- **The task**:
Your task is to write out every line of the data exactly. Drop the pictures.

BEGIN Dataset

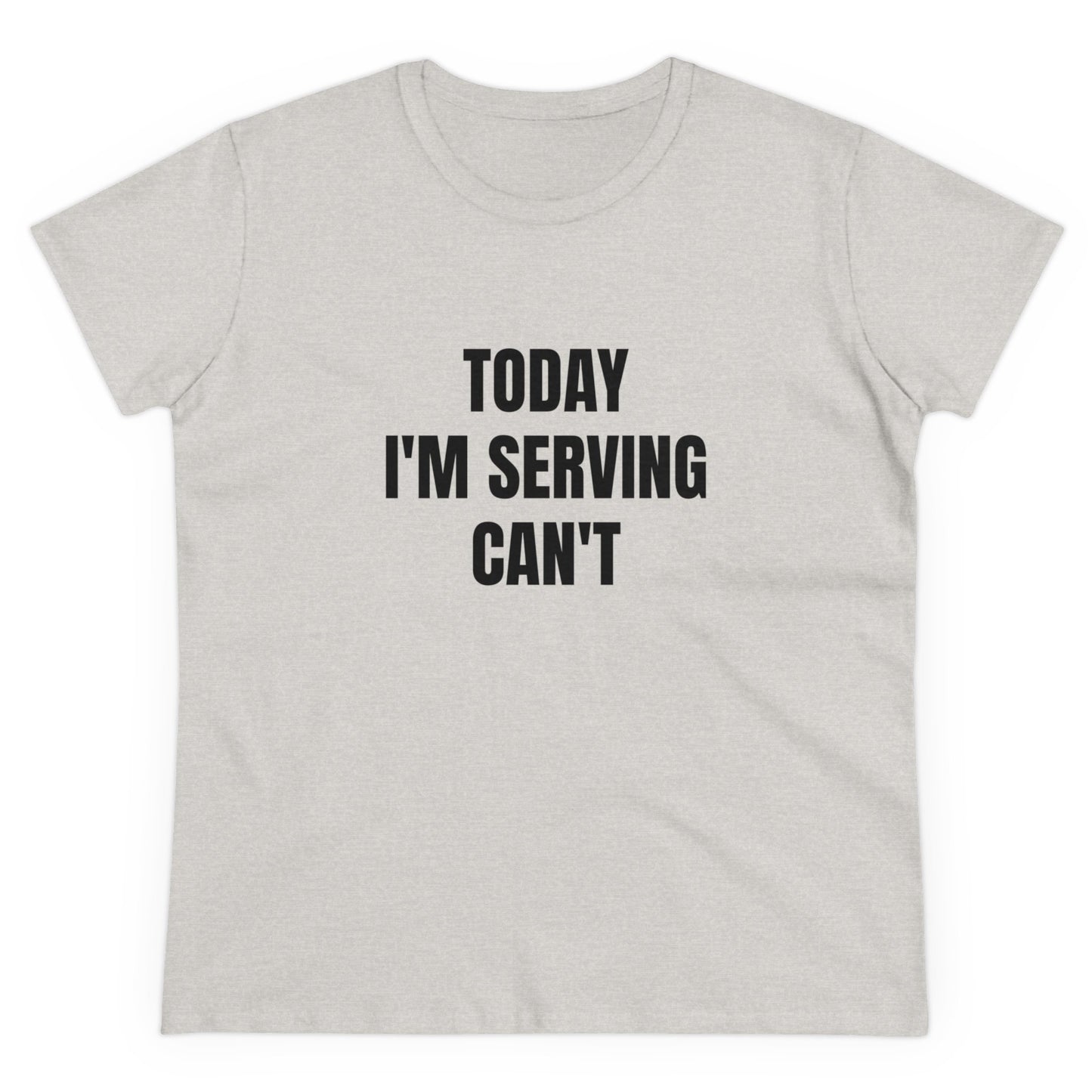 Today I'm Serving Can't - Graphic Cotton Tee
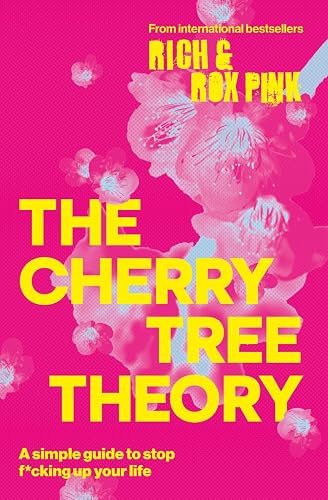 THE CHERRY TREE THEORY: A Simple Guide to Stop F*cking Up Your Life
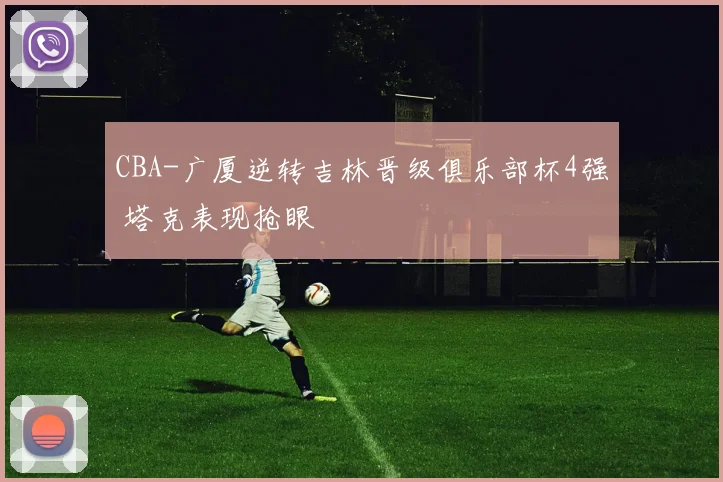 CBA-广厦逆转吉林晋级俱乐部杯4强 塔克表现抢眼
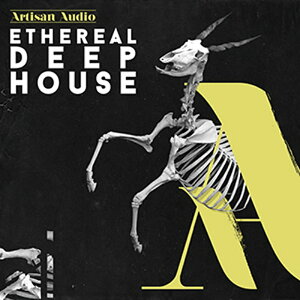 ARTISAN AUDIO ETHEREAL DEEP HOUSE(IC[i)(2Ԉȓɔ[i) vOC\tg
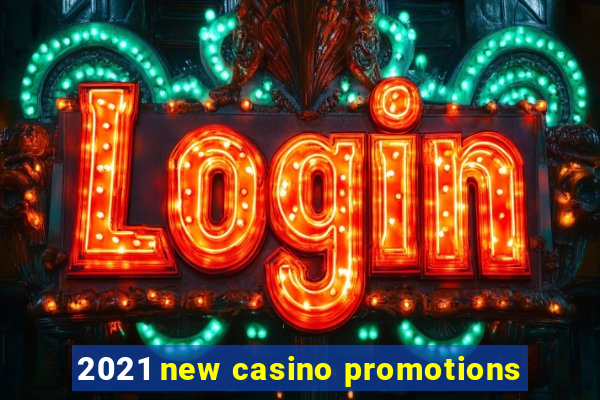 2021 new casino promotions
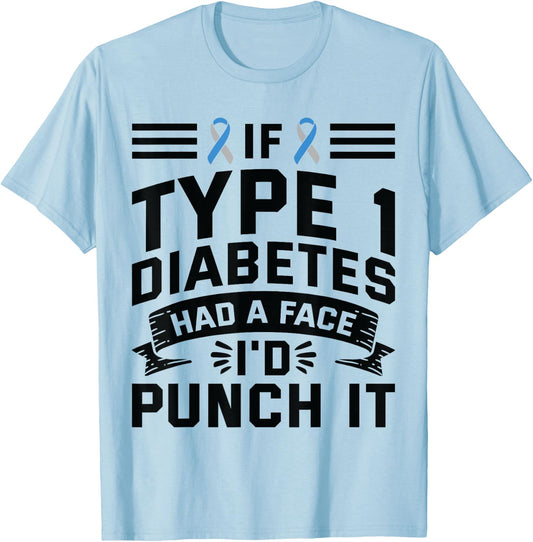 If Diabetes Had Face Punch It - Type 1 Diabetes Awareness T-Shirt - T-Shirt | Light Blue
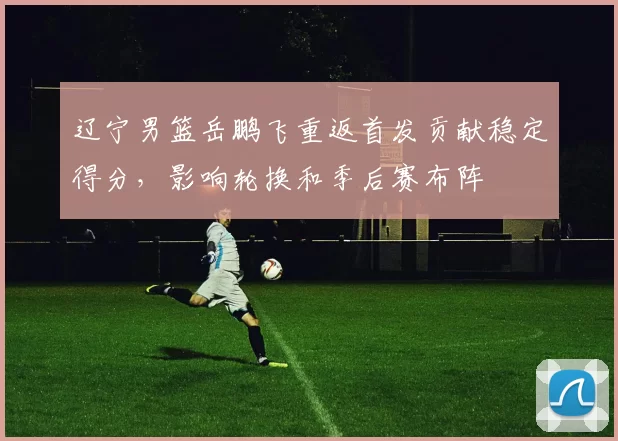 辽宁男篮岳鹏飞重返首发贡献稳定得分,影响轮换和季后赛布阵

END Dataset

- **Result for this exercise**:
 Today I'm Serving Can't - Graphic Cotton Tee
 THE CHERRY TREE THEORY: A Simple Guide to Stop F*cking Up Your Life
 CBA-广厦逆转吉林晋级俱乐部杯4强 塔克表现抢眼
 ARTISAN AUDIO ETHEREAL DEEP HOUSE(IC[i)(2Ԉȓɔ[i) vOC\tg
 2021 new casino promotions
 If Diabetes Had Face Punch It - Type 1 Diabetes Awareness T-Shirt - T-Shirt | Light Blue
 辽宁男篮岳鹏飞重返首发贡献稳定得分,影响轮换和季后赛布阵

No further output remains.